TARGET.cases <- "time_series_covid19_confirmed_global.csv"
TARGET.deaths <- "time_series_covid19_deaths_global.csv"
SURL <- "https://github.com/CSSEGISandData/COVID-19/raw/master/csse_covid_19_data/csse_covid_19_time_series"
## To download the latest version, delete the files and run again
for (target in c(TARGET.cases, TARGET.deaths))
{
if (!file.exists(target))
download.file(sprintf("%s/%s", SURL, target), destfile = target)
}
covid.cases <- read.csv(TARGET.cases, check.names = FALSE, stringsAsFactors = FALSE)
covid.deaths <- read.csv(TARGET.deaths, check.names = FALSE, stringsAsFactors = FALSE)
if (!identical(dimnames(covid.cases), dimnames(covid.deaths)))
stop("Cases and death data have different structure... check versions.")
keep <- covid.deaths[[length(covid.deaths)]] > 100 # at least 100 deaths
covid.cases <- covid.cases[keep, ]
covid.deaths <- covid.deaths[keep, ]
[This note was last updated using data downloaded on 2020-10-03. Here is the source of this analysis. Click here to show / hide the R code used. ]
To understand how the COVID-19 pandemic has spread over time in various countries, the number of cases (or deaths) over time is not necessarily the best quantity to visualize. Instead, we have used the doubling time, which is the number of days it took for the total number of cases to reach the current number from when it was half the current number. The doubling time is a measure of the rate of growth: if it does not change with time in a country, the number of cases is growing exponentially. With measures to control spread, the doubling time should systematically increase with time.
Another very important aspect of the COVID-19 pandemic is its mortality rate. That is, once an individual is infected, how likely is he/she to die? This of course depends on various attributes of the individual such as age and other underlying conditions, but even a crude (marginal) country-specific mortality rate is rather difficult to estimate.
The main difficulty is in knowing the size of the vulnerable population. Although it is possible that deaths due to COVID-19 are not attributed to it, this is not very likely to happen, especially in countries where the virus has already spread enough to cause a substantial number of deaths. On the other hand, the reported number of confirmed cases may only be a fraction of the true number of cases, either due to lack of testing, or changes in testing protocols, or various other reasons. Thus, the best we can hope for is to estimate the mortality rate among identified cases.
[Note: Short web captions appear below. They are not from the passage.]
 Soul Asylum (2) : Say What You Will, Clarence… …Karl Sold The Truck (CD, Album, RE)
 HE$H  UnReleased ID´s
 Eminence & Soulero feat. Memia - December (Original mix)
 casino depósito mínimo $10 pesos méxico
There is yet another problem. The cumulative daily number of confirmed cases and deaths are avaiable (e.g., from JHU CSSE on Github), and one could naively estimate the mortality rate by dividing the (current) total number of deaths by the total number of infections. However, doing this will always underestimate the mortality rate, because the denominator contains (many) recently diagnosed patients that have not yet died, but many of whom will actually die. As pointed out here, the correct way to estimate the death rate is to consider only closed cases (confirmed cases who have either died or been cured). But that data is not easily available (the number of recovered patients by date is available, but that is not enough).
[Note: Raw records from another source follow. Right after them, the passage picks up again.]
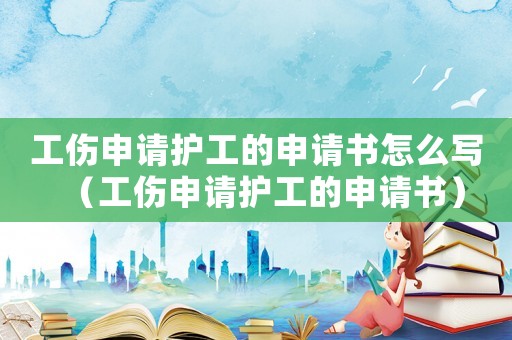 工傷申請(qǐng)護(hù)工的申請(qǐng)書怎么寫（工傷申請(qǐng)護(hù)工的申請(qǐng)書）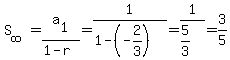 S%5Binfinity%5D+=+a%5B1%5D%2F%281-r%29+=+1%2F%281-%28-2%2F3%29%29+=+1%2F%285%2F3%29+=+3%2F5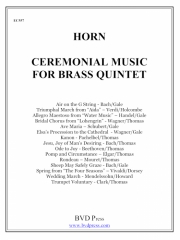 セレモニアル・ミュージック・フォー・ブラス・クインテット(ホルン) (金管五重奏)【Ceremonial Music for Brass Quintet (horn)】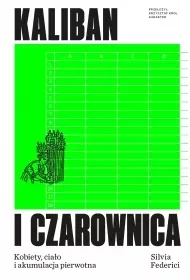 Kaliban i czarownica. Kobiety, ciało i akumulacja pierwotna - Silvia Federici - Eseje - miniaturka - grafika 1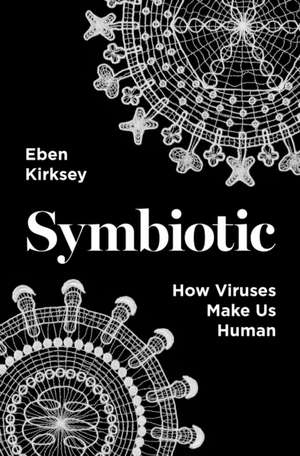 Symbiotic de Eben Kirksey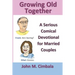 Growing Old Together: A Serious Comical Devotional for Married Couples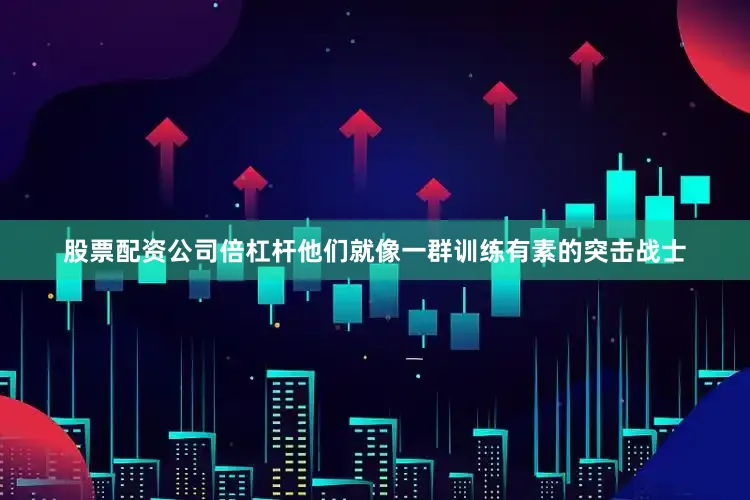 股票配资公司倍杠杆他们就像一群训练有素的突击战士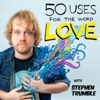 50 Uses For The Word Love Podcast artwork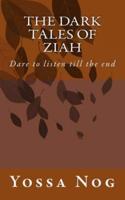 The Dark Tales of Ziah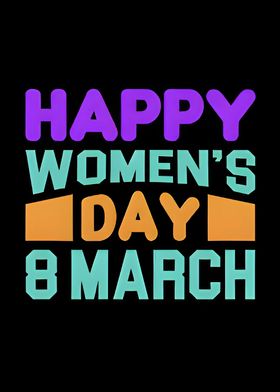 Happy Womens Day 8 March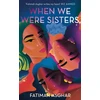KNYGA Fatimah Asghar When We Were Sisters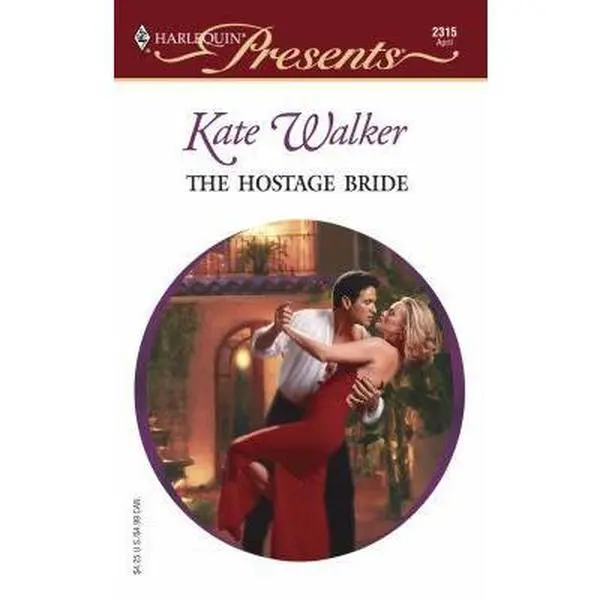 USED-The Hostage Bride by Kate Walker (Unknown)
The plot below shows how the naive death rates (proportion of deaths over number of confirmed cases), on any given day, have changed over time for countries with at least 100 deaths.^{1} Although the estimate is eventually (asymptotically) supposed to stabilize (as the fraction of “active” cases decreases), this has clearly not happened yet for most countries.
correctLag <- function(x)
{
n <- length(x)
stopifnot(n > 2)
for (i in seq(2, n-1))
if (x[i] == x[i-1])
x[i] <- sqrt(x[i-1] * x[i+1])
x
}
extractCasesTS <- function(d)
{
x <- t(data.matrix(d[, -c(1:4)]))
x[x == -1] <- NA
colnames(x) <-
with(d, ifelse(`Province/State` == "", `Country/Region`,
paste(`Country/Region`, `Province/State`,
sep = "/")))
apply(x, 2, correctLag)
}
xcovid.cases <- extractCasesTS(covid.cases)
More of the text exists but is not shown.